Pacto, ese ha sido el mandato democrático salido de las urnas. Pudimos entregar el poder a una sola idea, a un solo partido, a un solo hombre, sin embargo, temerosos de que la tentación autoritaria y la levedad intelectual de sus naturalezas pudiera poner en jaque nuestra plural visión social, expresada en sus actos de gobierno, elegimos obligarlos a tratar.
Buscamos que aproximen criterios, aúnen voluntades, cedan, concedan e impongan en la sana brega del debate, abocándolos al más grande y hermoso de los actos que adornan la democracia, el de aunar voluntades en las tareas de gobierno.

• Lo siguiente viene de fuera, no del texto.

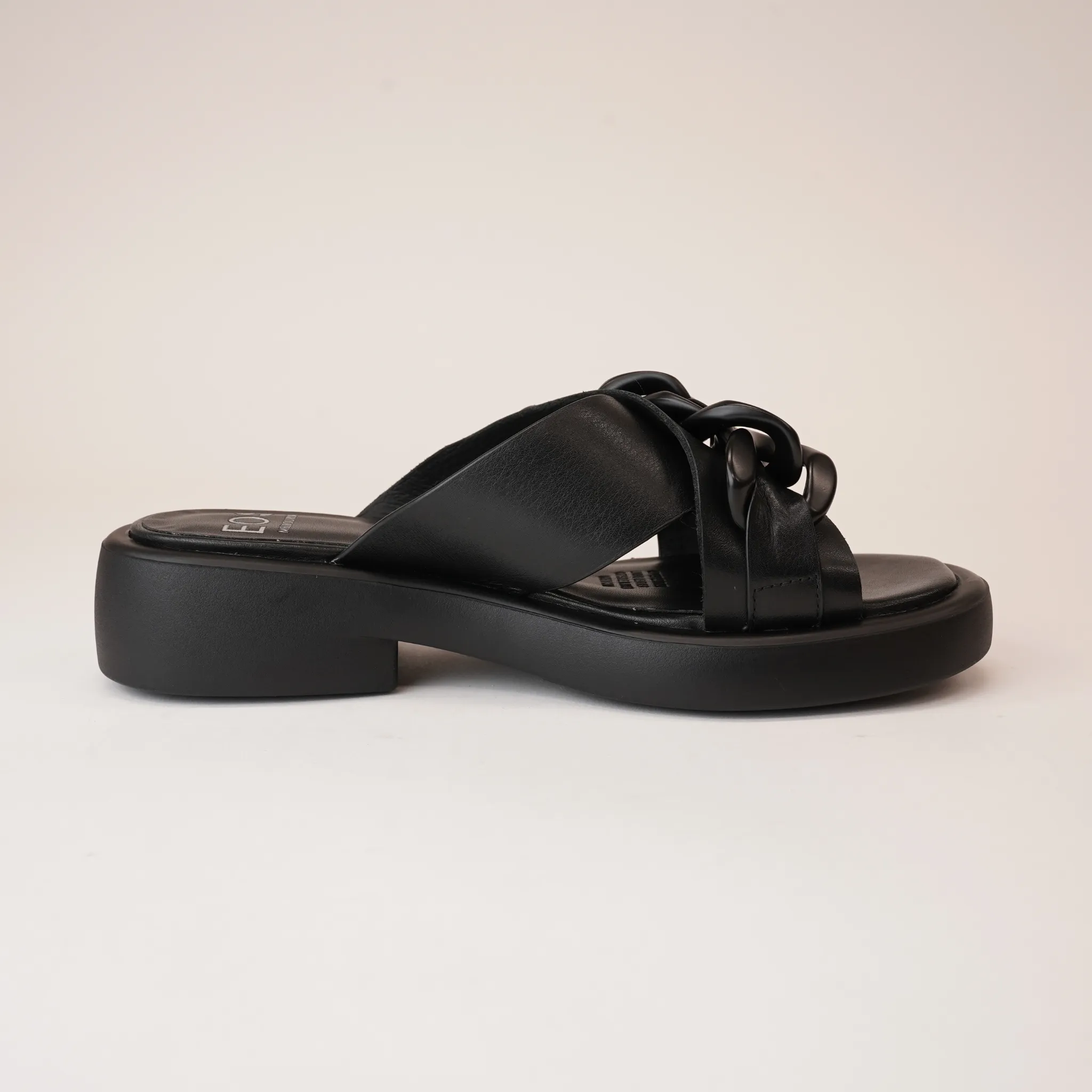 Elease Black Leather Slides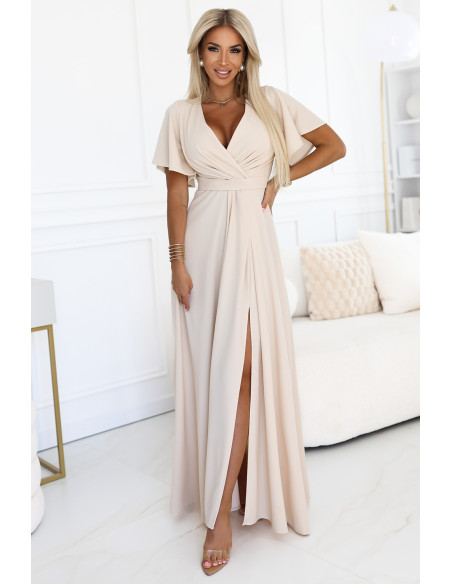 581-6 JENNIFER ilga suknelė su iškirpte ant kojų, rankovėmis ir iškirpte - smėlio spalvos   581-6 JENNIFER ilga suknelė su iškirpte ant kojų, rankovėmis ir iškirpte - smėlio spalvos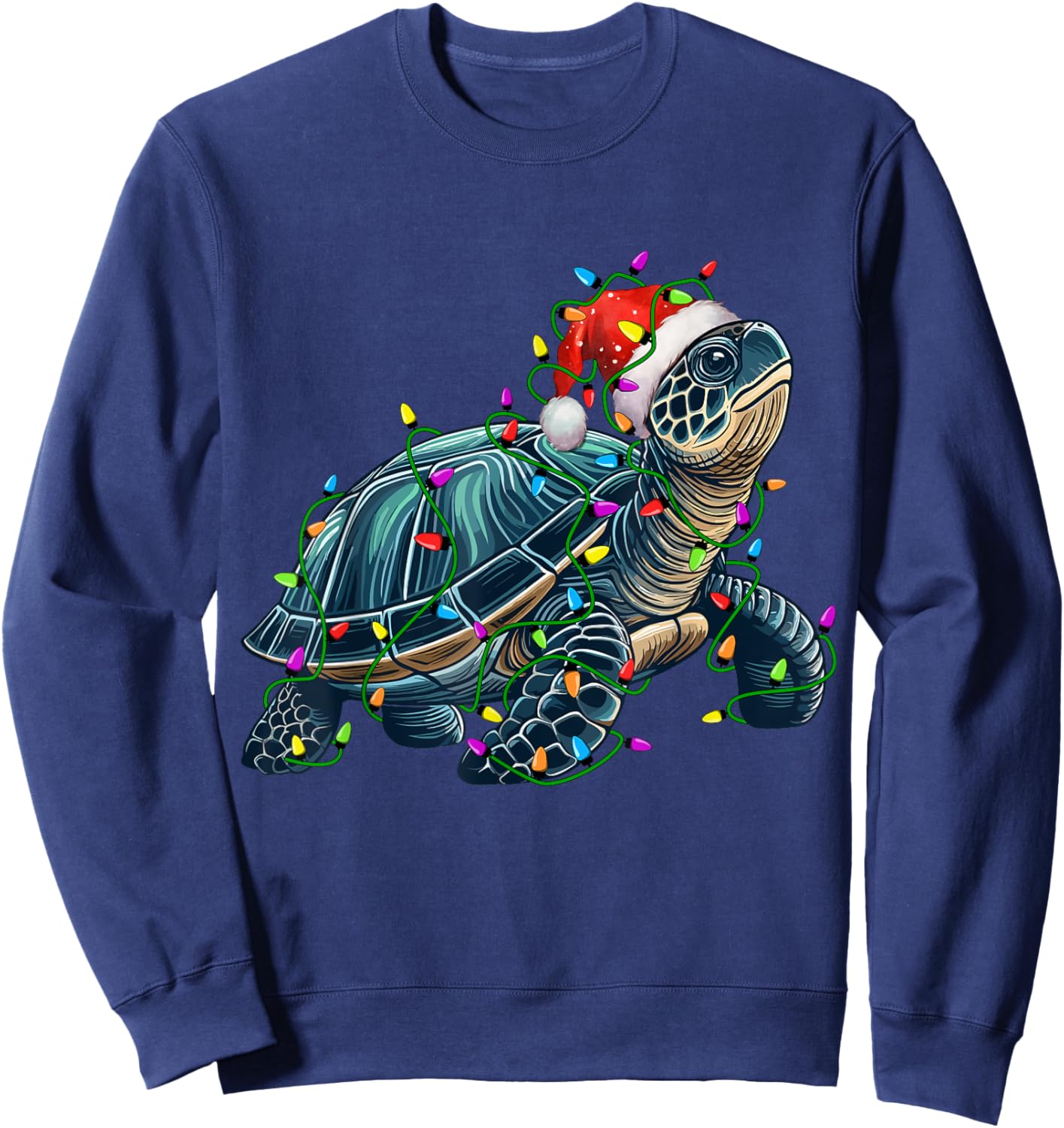 Turtle Santa Christmas Tree Lighting Xmas Funny Sweatshirt - Sweatshirt | Navy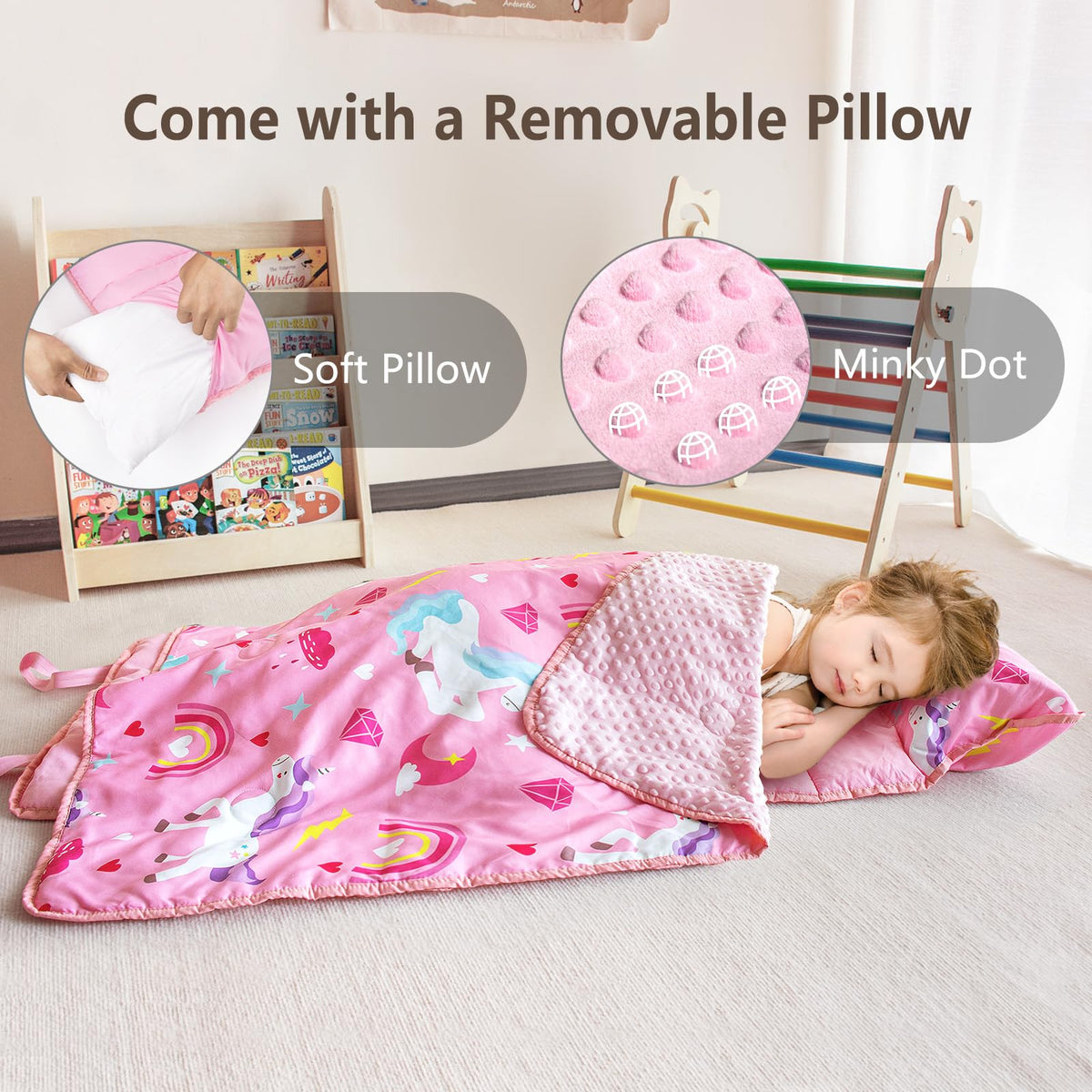 Primlect nap mat featuring a sturdy portable handle for easy carrying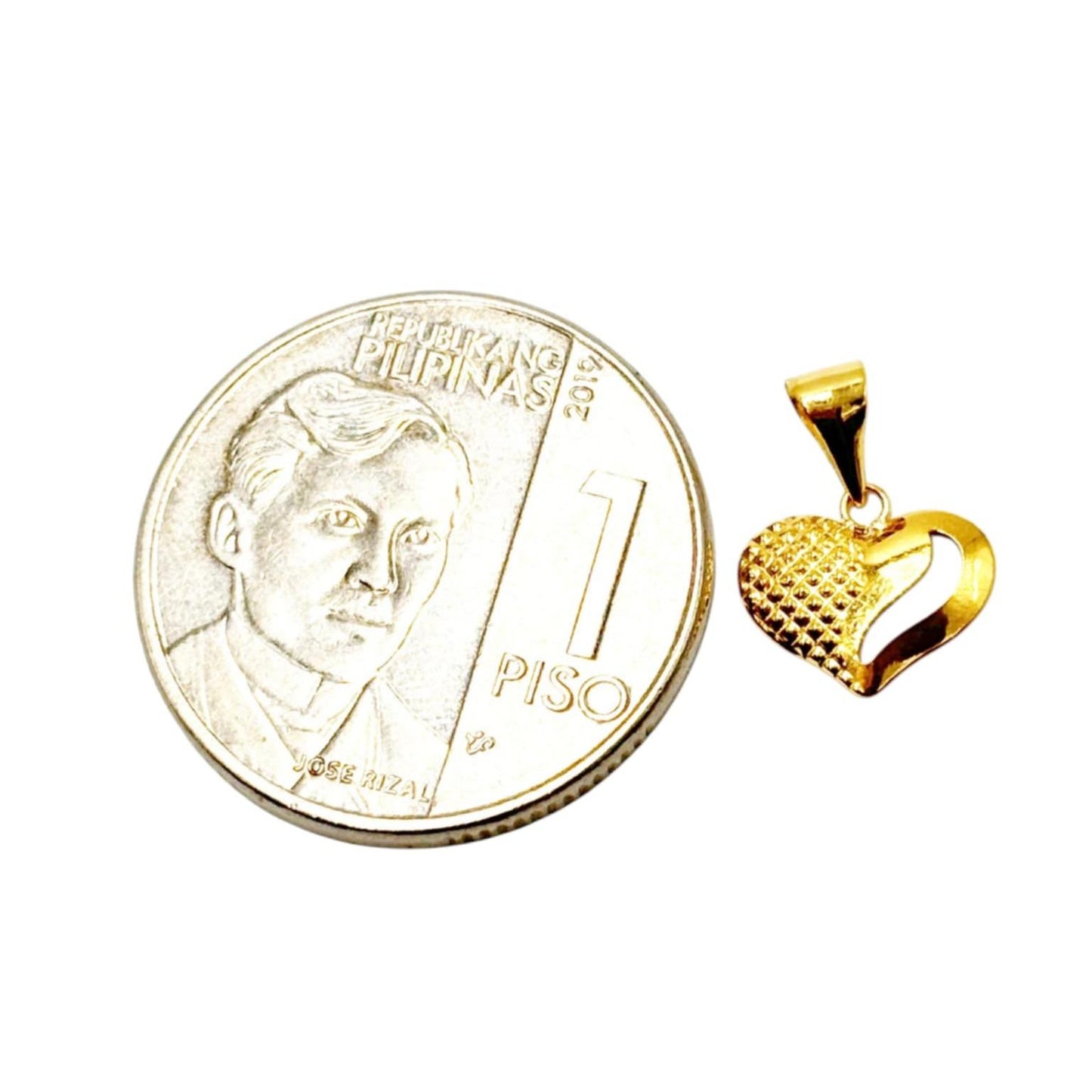 18k Saudi Gold Broken Heart Pendant Solid Pawnable - SKU-JIEEI7AZ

Lo curioso es que ese magnífico esfuerzo se realice en secreto, como si fuese una vergüenza, como si en verdad ofendiera el espíritu del sistema y de sus defensores. Y lo hacemos porque nos han contado que solo así son posibles los acuerdos. Y nosotros, los que hemos desconfiados de ellos, aplaudimos ese secretismo a la hora de dar forma a nuestra lúcida y transparente interpretación de la realidad. Y en esa incomprensible indolencia entregamos al sacrificio de los peores manejos el más limpio y diáfano de nuestros actos democráticos, y ellos, en pago, se hunden con él en las sucias cloacas de sus intereses personales y de partido, y lejos de pactar, reparten cargos y prebendas en aras de beneficios bastardos.
Pactos, sí, pero en los parlamentos, plenos municipales y plazas públicas, a la vista y oído de todos, porque a todos atañe.